2004-09-08 02:50:22

by Dawson Engler

[permalink] [raw]
Subject: [CHECKER] potential NFS deadlock in 2.6.8.1

Hi All,

below is a possible deadlock in the linux-2.6.8.1 NFS found by a static
deadlock checker I'm writing. Let me know if it looks valid and/or
whether the output is too cryptic.

Thanks,
Dawson

------------------------------------------------------------------

ERROR:DEADLOCK: 2 thread cycle:
lock_kernel <<===>> client_sema

[both traces look valid]

thread 1: lock_kernel ==>> client_sema
2 traces
trace 1: ncalls=2, ncond=0
fs/nfsd/nfssvc.c:nfsd
172: nfsd(struct svc_rqst *rqstp)
173: {
174: struct svc_serv *serv = rqstp->rq_server;
175: struct fs_struct *fsp;
176: int err;
...
257: break;
258: err = signo;
259: }
260:
===> 261: lock_kernel();
...
266: /* Check if this is last thread */
267: if (serv->sv_nrthreads==1) {
268:
269: printk(KERN_WARNING "nfsd: last server has exited\n");
270: if (err != SIG_NOCLEAN) {
...
272: nfsd_export_flush();
273: }
274: nfsd_serv = NULL;
275: nfsd_racache_shutdown(); /* release read-ahead cache */
===> 276: nfs4_state_shutdown();

fs/nfsd/nfs4state.c:nfs4_state_shutdown
2703: nfs4_state_shutdown(void)
2704: {
===> 2705: nfs4_lock_state();

fs/nfsd/nfs4state.c:nfs4_lock_state
91: nfs4_lock_state(void)
92: {
===> 93: down(&client_sema);

trace 2: ncalls=2, ncond=0
fs/nfsd/nfssvc.c:nfsd_svc
79: nfsd_svc(unsigned short port, int nrservs)
80: {
81: int error;
82: int none_left;
83: struct list_head *victim;
84:
===> 85: lock_kernel();
...
130: victim = victim->next;
131: send_sig(SIG_NOCLEAN, nl->task, 1);
132: nrservs++;
133: }
134: failure:
...
136: svc_destroy(nfsd_serv); /* Release server */
137: if (none_left) {
138: nfsd_serv = NULL;
139: nfsd_racache_shutdown();
===> 140: nfs4_state_shutdown();
fs/nfsd/nfs4state.c:nfs4_state_shutdown
2703: nfs4_state_shutdown(void)
2704: {
===> 2705: nfs4_lock_state();
fs/nfsd/nfs4state.c:nfs4_lock_state
91: nfs4_lock_state(void)
92: {
===> 93: down(&client_sema);



---------------------------------------------------------
[both of these traces look valid]
thread 2: client_sema ==>> lock_kernel

[looks valid]
trace 1: ncalls=2, ncond=0
fs/nfsd/nfs4state.c:nfsd4_lock
2084: nfsd4_lock(struct svc_rqst *rqstp, struct svc_fh *current_fh, struct nfsd4_lock *lock)
2085: {
2086: struct nfs4_stateowner *lock_sop = NULL, *open_sop = NULL;
2087: struct nfs4_stateid *lock_stp;
2088: struct file *filp;
...
2103: if (check_lock_length(lock->lk_offset, lock->lk_length))
2104: return nfserr_inval;
2105:
2106: lock->lk_stateowner = NULL;
===> 2107: nfs4_lock_state();
fs/nfsd/nfs4state.c:nfs4_lock_state
91: nfs4_lock_state(void)
92: {
===> 93: down(&client_sema);

path to B acquisition:
...
2229: dprintk("NFSD: nfsd4_lock: posix_lock_file() failed! status %d\n",status);
2230: goto out_destroy_new_stateid;
2231: }
2232:
2233: conflicting_lock:
...
2235: status = nfserr_denied;
2236: /* XXX There is a race here.
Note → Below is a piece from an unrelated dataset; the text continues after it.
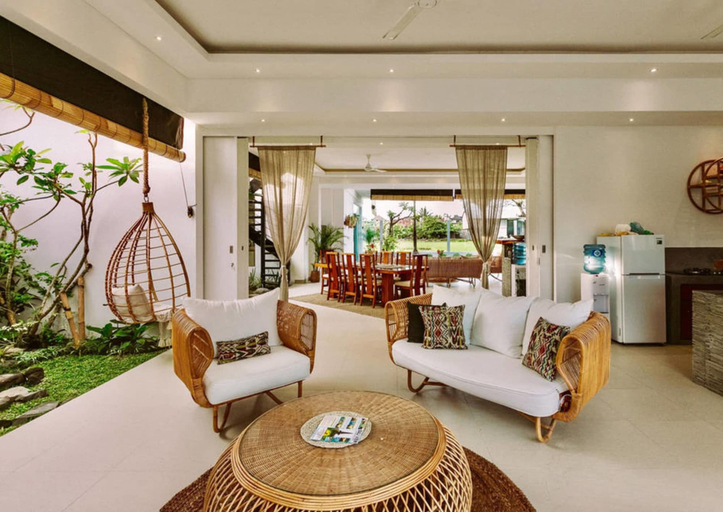 Public Area 5, Exclusive Villas Complex, 7 BR, Seminyak Center w/ Staff, Badung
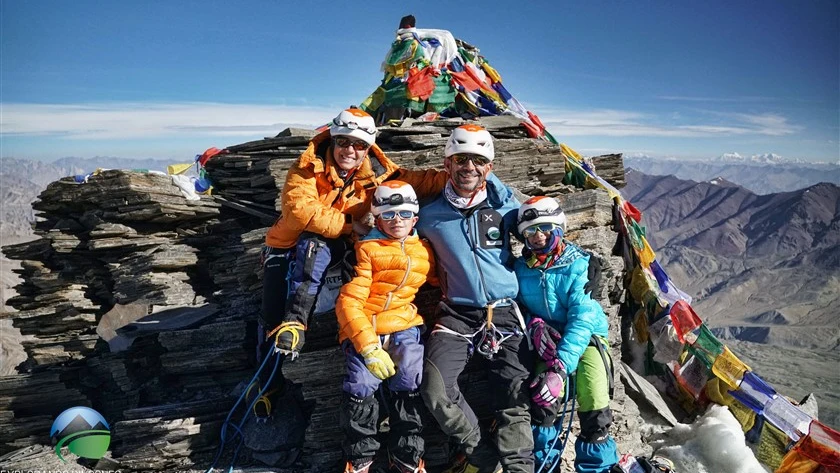 La familia Jim&eacute;nez Rubio, en una cumbre del Himalaya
Future patch needed to provide
2237: * an atomic posix_lock_and_test_file
2238: */
===> 2239: if (!(conflock = posix_test_lock(filp, &file_lock))) {
fs/locks.c:posix_test_lock
598: posix_test_lock(struct file *filp, struct file_lock *fl)
599: {
600: struct file_lock *cfl;
601:
===> 602: lock_kernel();


trace 3: ncalls=2, ncond=0
fs/nfsd/nfs4state.c:nfsd4_release_lockowner
...
===> 2463: nfs4_lock_state();
fs/nfsd/nfs4state.c:nfs4_lock_state
91: nfs4_lock_state(void)
92: {
===> 93: down(&client_sema);

...
===> 2476: if (check_for_locks(&stp->st_vfs_file, local))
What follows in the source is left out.